For over a year, we've been hearing from political figures that the media is fake, the media is lying and the media is making things up out of thin air.
This isn't true. Journalism isn't the enemy. Journalists aren't out with any agenda except to get the truth and give it to the people. Perhaps the truth is simply hard for people to grasp, so they assume it must be false, and blame the media instead.
That's easy to see, especially in the top stories that have surfaced over the last year and a half or so. Who would want to believe that our president has connections to Russian hacking?
When I take in news, I don't see "fake" news. When I see journalists covering hurricane damage and rescuing people from there homes, I don't see the fabrication of a situation. When I see journalists risking their lives to investigate business fronts for sex trafficking rings, I don't see a fictional creation of events. I see journalists doing anything and everything they can to get the news to the audiences that need it.
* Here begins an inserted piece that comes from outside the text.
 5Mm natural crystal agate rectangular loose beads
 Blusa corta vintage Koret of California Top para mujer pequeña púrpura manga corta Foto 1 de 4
Now, I'm in no way saying that everything you read on Daily Mail's Snapchat Discover Story should be taken as the cold, hard truth. And I'm not saying that People magazine's anonymous sources make good journalism. I mean, where's Kylie's baby?
I'm not saying that journalists don't make mistakes. We're humans. We're flawed. We misunderstand. We misrepresent.
What we do not do is intentionally skew and sell fake stories as truthful ones. News, by definition, is truthful. So if something is fake, it's no longer news.
Fake news, in Donald Trump's definition, doesn't exist. For a journalist, news is accurate, clear and informing. False news exists for journalists.
Calling something fake because you don't want to believe it or because you don't want other people to believe it is conniving and immature. Make decisions you would want to see on the cover of a newspaper, not ones you're going to deny and place the blame on someone else.
The news is not the enemy.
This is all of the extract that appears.